Sometimes hope arrives after a terrible injustice. Sometimes we’re lucky enough to see it; to be invited into it. To watch it unfold, with front row seats and tearful eyes and open arms. We see the happy ending as the music swells and we clap and rise, hearts bursting as we file out into the world.
And the bells ring.
Other times, of course, the happy ending doesn’t make it to the screen. It’s behind the scenes, or on the cutting room floor, or perhaps hasn’t yet been created. And so the story we see playing is one of darkness and judgment and anger and hate.
And in those times, our eyes fail us. And so, we open our ears.
And the bells ring.
We hear them daily – in good news and bad. They ring, always, setting our world in motion to a rhythm we don’t understand; a song left unsung.
We hear them louder than the collective sounds of crowds mourning, mothers grieving, babies giggling, communities shouting, families feuding, neighbors dancing, enemies fighting.
They sound still, small. Quiet.
A bit like a voice.
“Let me hear what God will speak, for he will speak peace to his people.” -Psalm 85:8
Yes, the bells ring.
What a beautiful, wonderful post. Yes, there is hope despite all the doom and gloom that seems to be shrouding the world right now. And yes, encouraging does sound like your specialty, because you still managed to make this very encouraging. Thank you, thank you, for seeking out the undercurrent of hope.
Oh Amanda, thank you for your kind comment! I like how you worded that, the “undercurrent of hope.” :)
Love, truth, hope, faith, tolerance, compassion. The will bells ring.
Love you!
HOLY COW. YOU ARE FRICKIN AMAZING. I USUALLY STAY AWAY FROM POSTS ABOUT CURRENT CONTROVERSIAL EVENTS, BECAUSE I DON’T WANT TO READ PEOPLE’S ANGER AND HAVE MINE STIRRED AS WELL. I DIDN’T KNOW THIS WAS ONE OF THOSE POSTS, BUT THERE IS NO ANGER, ONLY TRUTH. IN THE MOST SIMPLEST AND PURE WAY, AND IT DOESN’T STIR UP CONTROVERSY. I LOVE IT SO MUCH. THANK YOU SO MUCH. YOUR WRITING IS AMAZING – SO BEAUTIFUL. GOD BLESS.

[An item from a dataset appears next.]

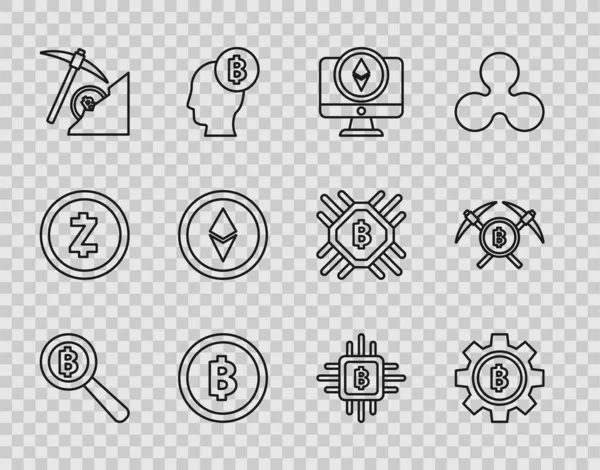 Definir linha de lupa com Bitcoin, Criptomoeda, Monitor e Ethereum ETH, mineração em nuvem, fazenda CPU e ícone picareta cruzada. Vetor —  Vetores de Stock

Oh Sara Beth, thank you for your kind note!
This was timely and beautiful and brave. Thank you.
Thank you sweet Elle!
Then pealed the bells more loud and deep:
“God is not dead, nor doth he sleep;
The wrong shall fail, the right prevail,
With peace on earth, good will to men.”
~~YES and AMEN.
Thank you, Riz – such a beautiful song. :)
Beautiful, stunningly written post from the heart.
Thank you, Diane!
Thank you for this, Erin. I’ve been going through a season of “heaviness” too. As a fellow “bright, encourager,” these feelings don’t always sit well with me. It’s nice to know I’m not alone in that!
Ah, thank you, Amy. And OMG I haven’t heard that version, but I’m off to Google! Thank you!
Ps. I love Casting Crown’s version of “I heard the Bells on Christmas Day.” If you haven’t heard it yet, you may want to have a listen ;)
Erin, I don’t know if you realize this is Gma’s favorite Christmas carol. Is it okay if I make a copy of this post for her? It was beautifully written and I think she would enjoy it.